TASK TO CARRY OUT |
Your copy should match the records exactly, apart from the pictures, which stay out.

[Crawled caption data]
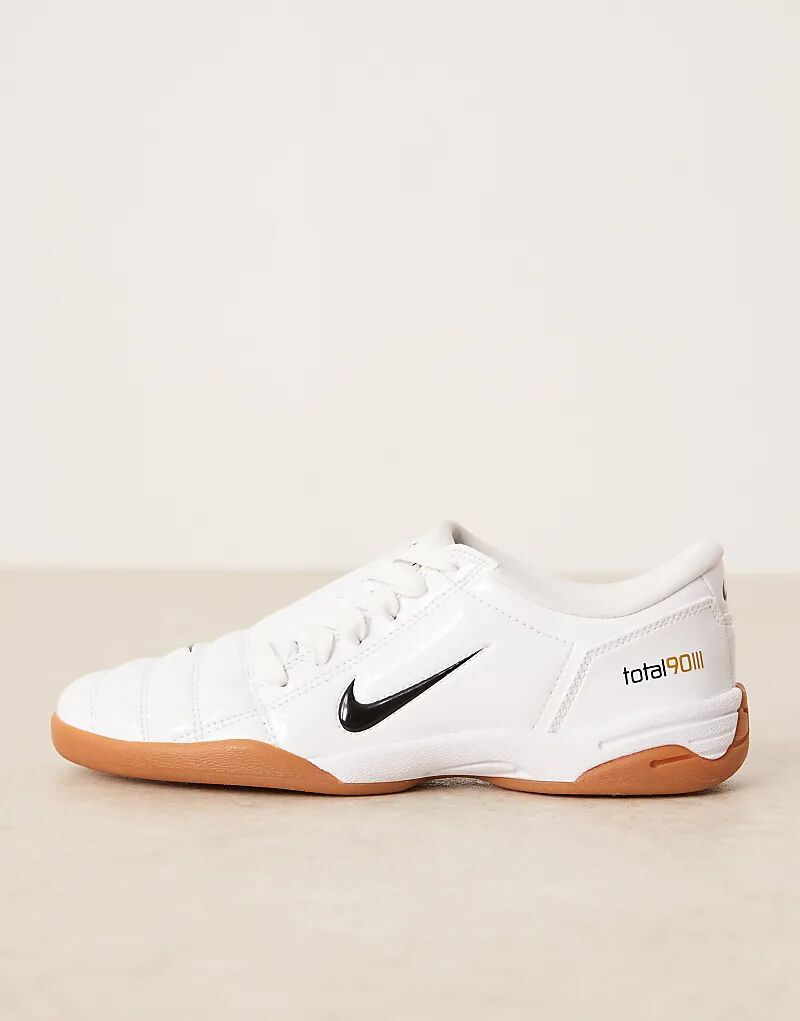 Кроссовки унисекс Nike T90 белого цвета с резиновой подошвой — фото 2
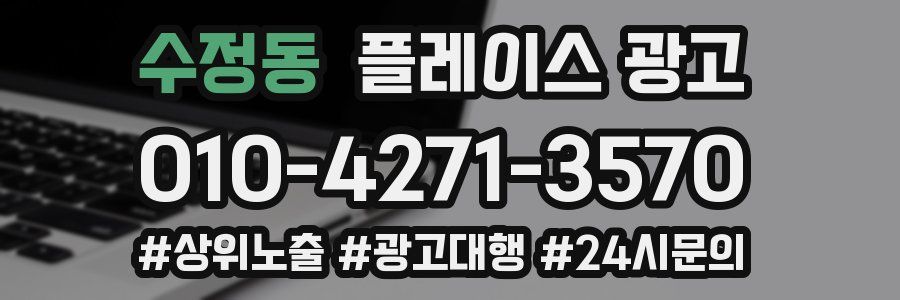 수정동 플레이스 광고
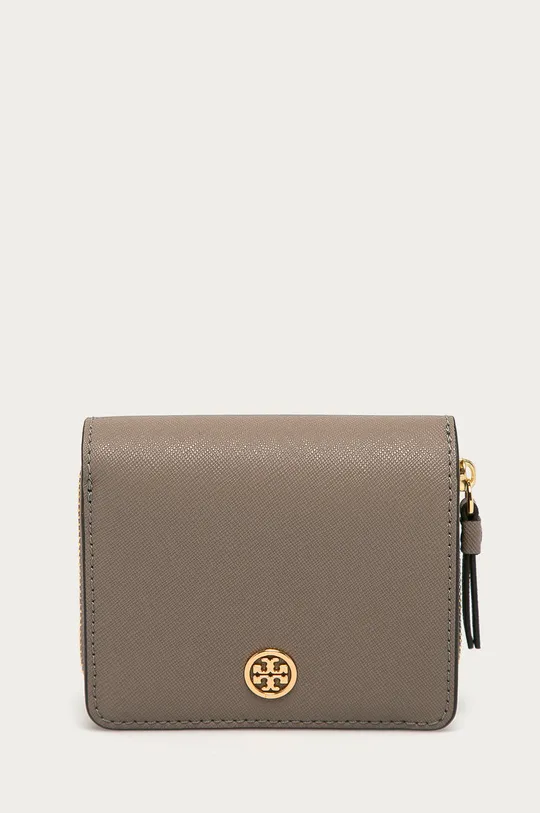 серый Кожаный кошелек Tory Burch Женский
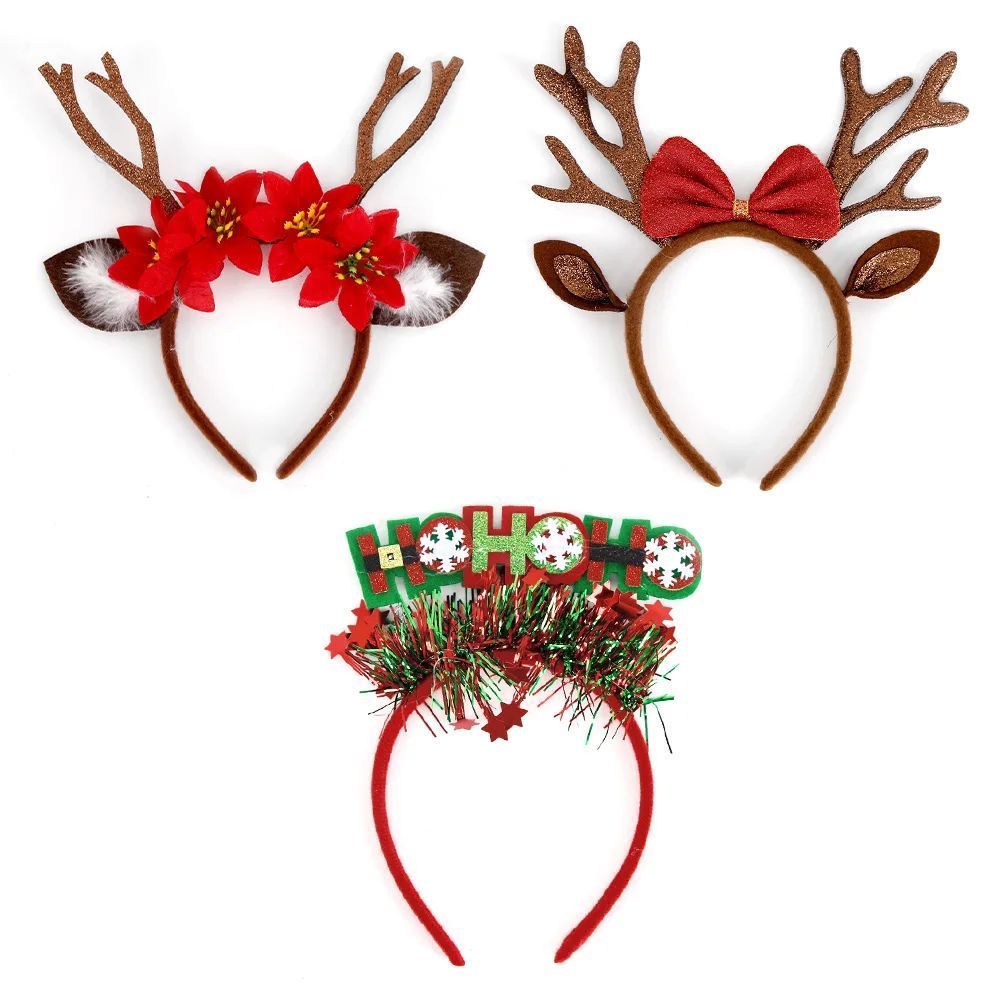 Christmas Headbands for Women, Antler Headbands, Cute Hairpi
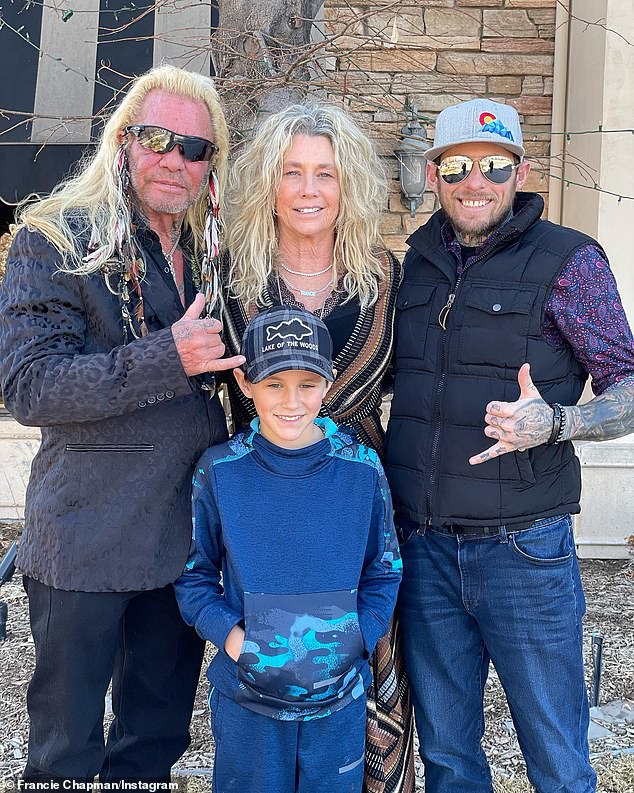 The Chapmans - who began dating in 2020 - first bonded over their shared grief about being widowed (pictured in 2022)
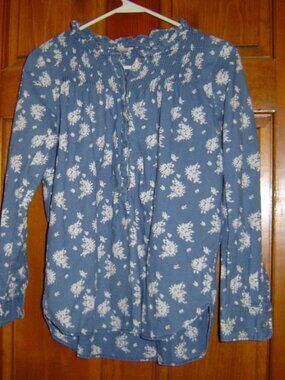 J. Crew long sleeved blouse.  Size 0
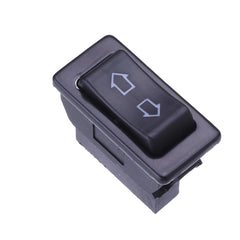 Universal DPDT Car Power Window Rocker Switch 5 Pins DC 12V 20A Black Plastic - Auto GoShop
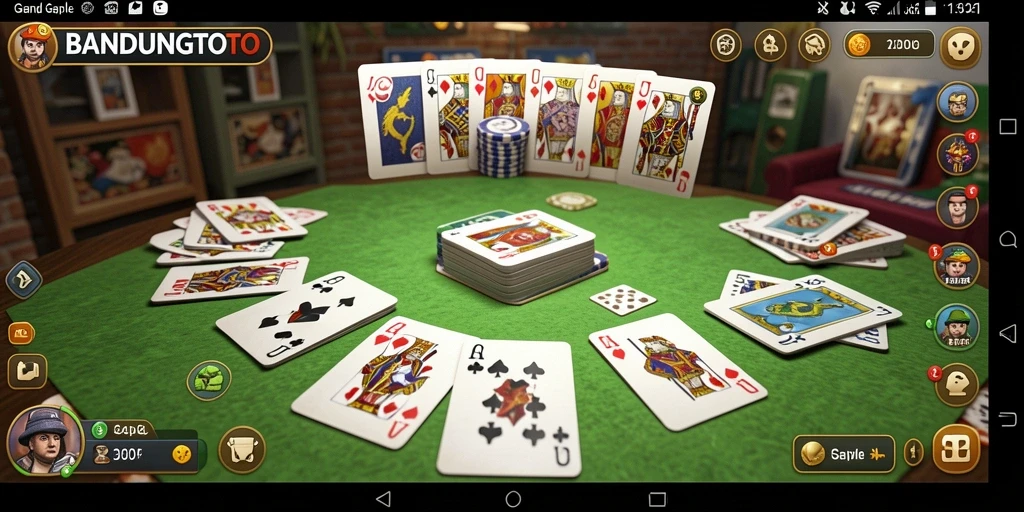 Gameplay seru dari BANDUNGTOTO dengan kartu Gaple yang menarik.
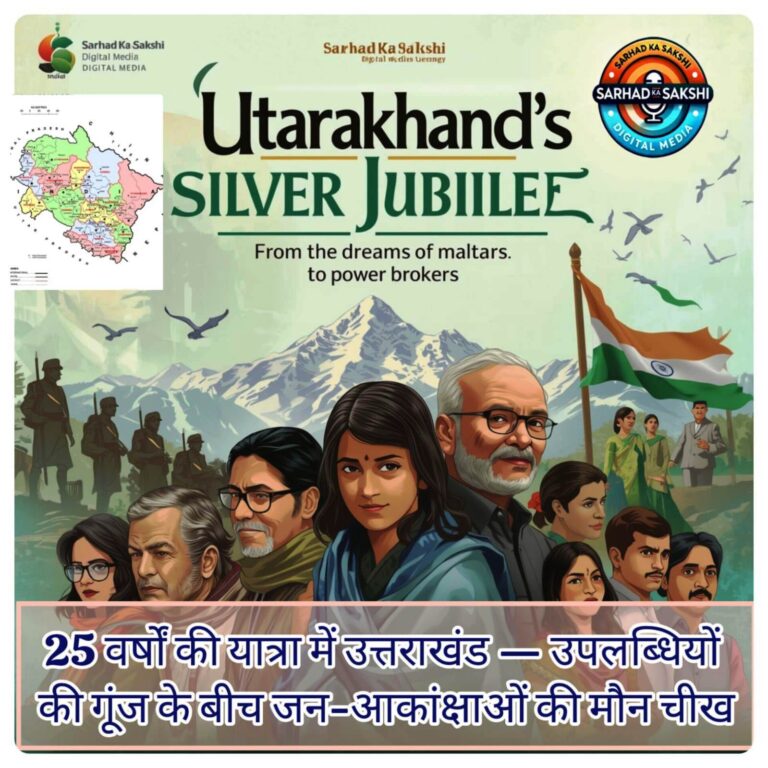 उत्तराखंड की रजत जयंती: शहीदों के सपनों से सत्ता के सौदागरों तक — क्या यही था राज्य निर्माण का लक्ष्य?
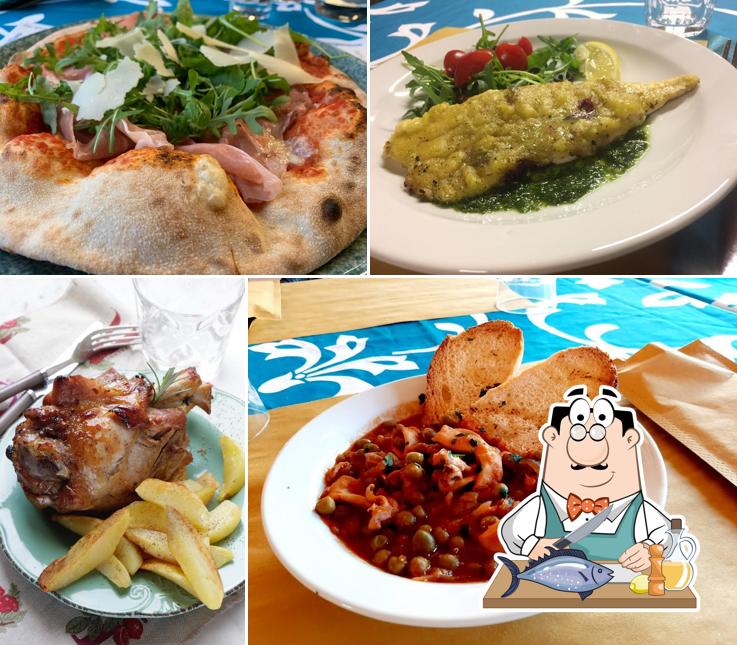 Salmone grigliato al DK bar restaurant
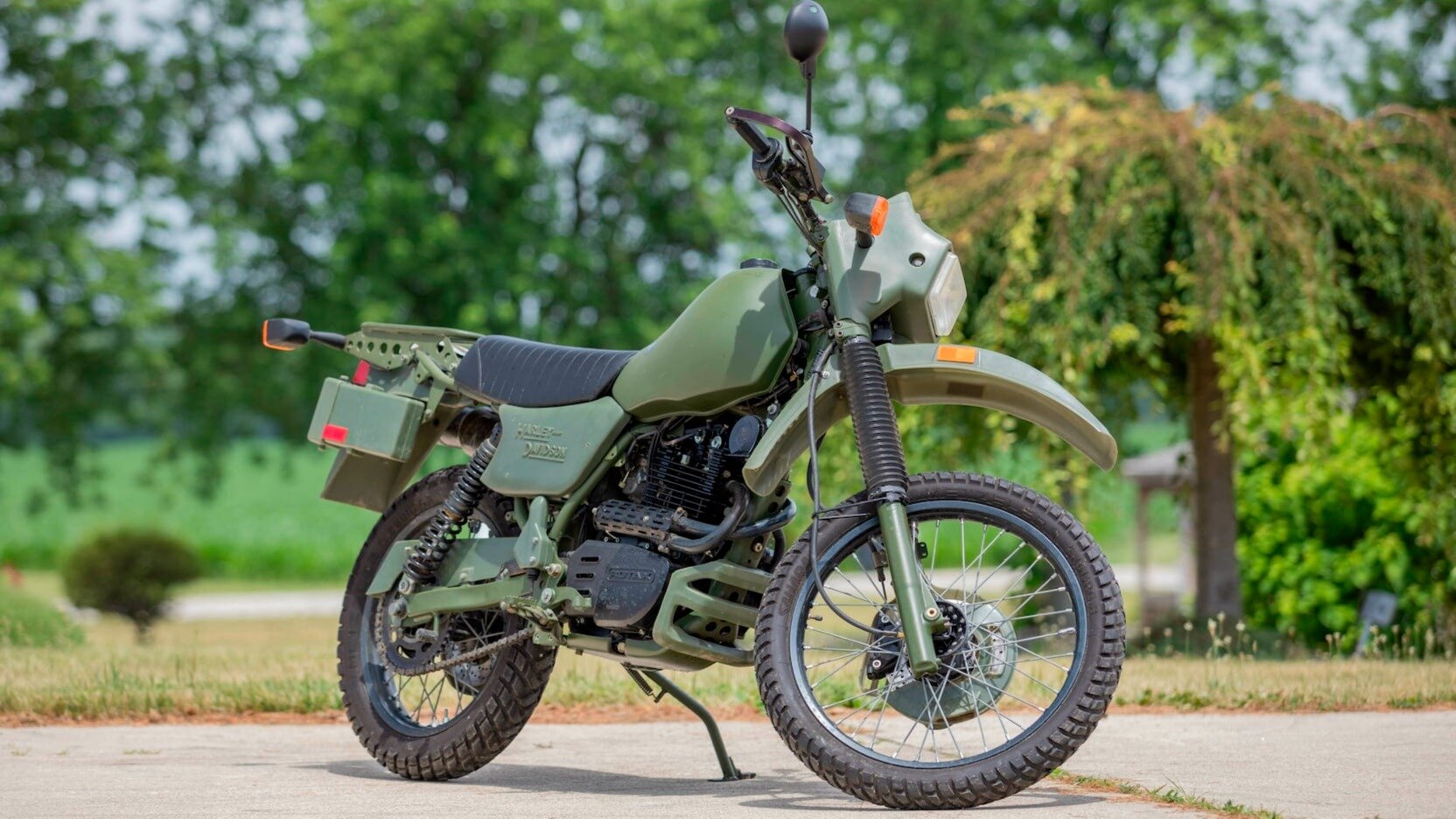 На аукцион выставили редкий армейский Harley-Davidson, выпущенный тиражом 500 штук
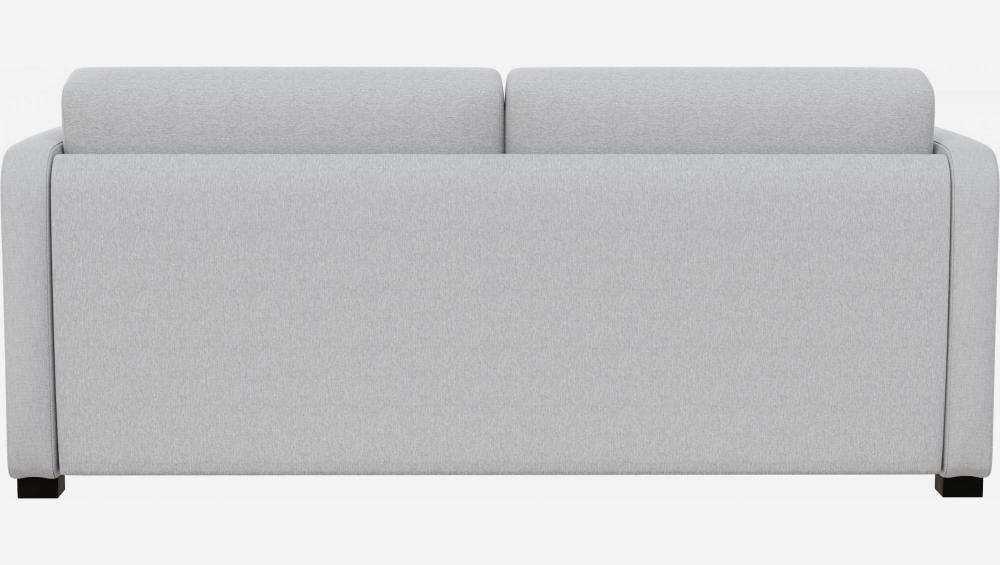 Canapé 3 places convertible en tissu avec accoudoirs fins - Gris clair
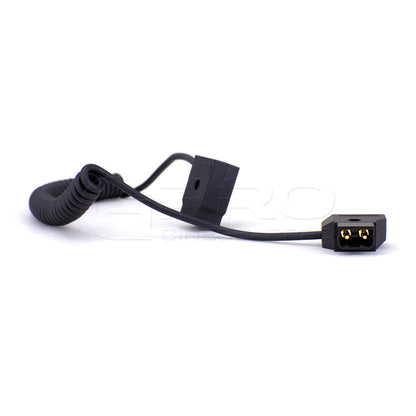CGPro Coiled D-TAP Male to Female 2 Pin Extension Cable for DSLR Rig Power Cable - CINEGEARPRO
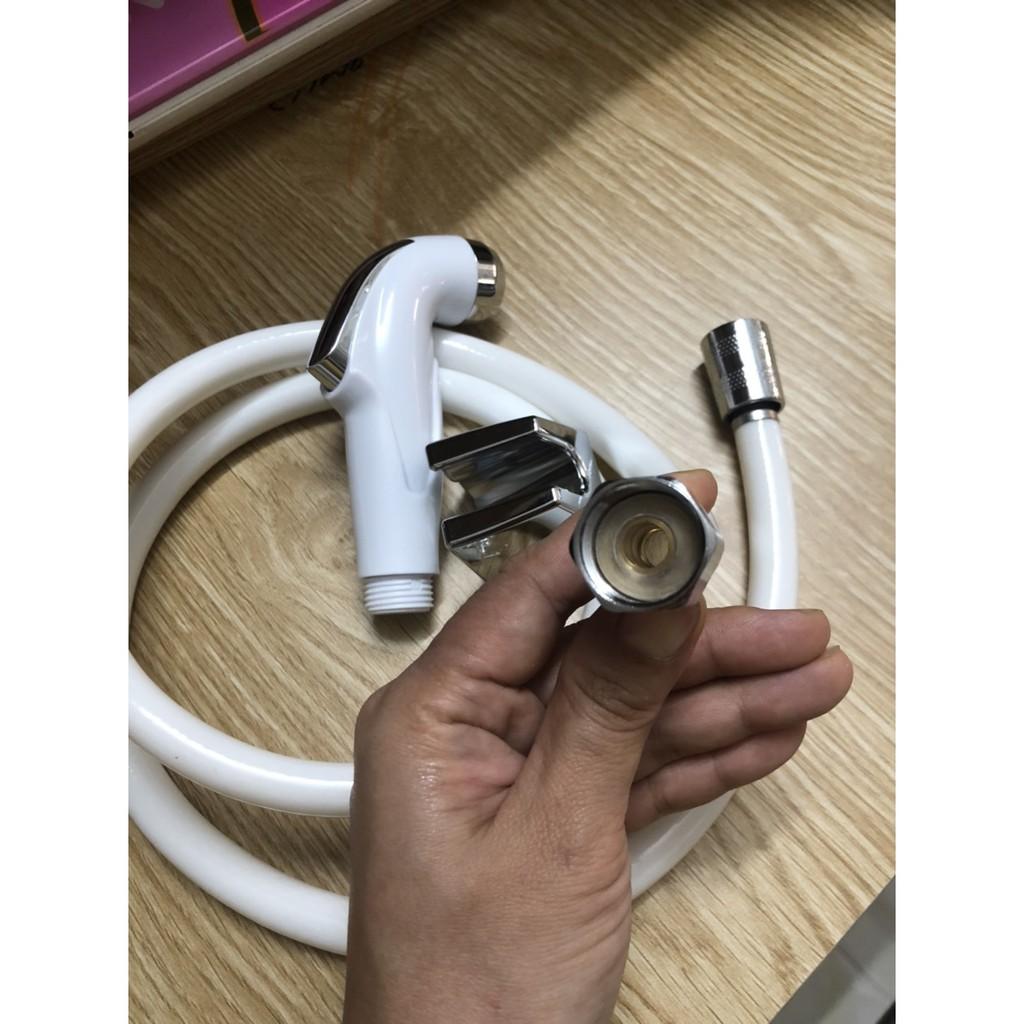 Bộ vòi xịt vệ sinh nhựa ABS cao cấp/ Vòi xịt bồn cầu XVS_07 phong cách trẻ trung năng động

EXERCISE RESULT |
 Кроссовки унисекс Nike T90 белого цвета с резиновой подошвой — фото 2
 수정동 플레이스 광고
 серый Кожаный кошелек Tory Burch Женский
 Christmas Headbands for Women, Antler Headbands, Cute Hairpi
 The Chapmans - who began dating in 2020 - first bonded over their shared grief about being widowed (pictured in 2022)
 J. Crew long sleeved blouse.  Size 0
 Universal DPDT Car Power Window Rocker Switch 5 Pins DC 12V 20A Black Plastic - Auto GoShop
 Gameplay seru dari BANDUNGTOTO dengan kartu Gaple yang menarik.
 उत्तराखंड की रजत जयंती: शहीदों के सपनों से सत्ता के सौदागरों तक — क्या यही था राज्य निर्माण का लक्ष्य?
 Salmone grigliato al DK bar restaurant
 На аукцион выставили редкий армейский Harley-Davidson, выпущенный тиражом 500 штук
 Canapé 3 places convertible en tissu avec accoudoirs fins - Gris clair
CGPro Coiled D-TAP Male to Female 2 Pin Extension Cable for DSLR Rig Power Cable - CINEGEARPRO
 Bộ vòi xịt vệ sinh nhựa ABS cao cấp/ Vòi xịt bồn cầu XVS_07 phong cách trẻ trung năng động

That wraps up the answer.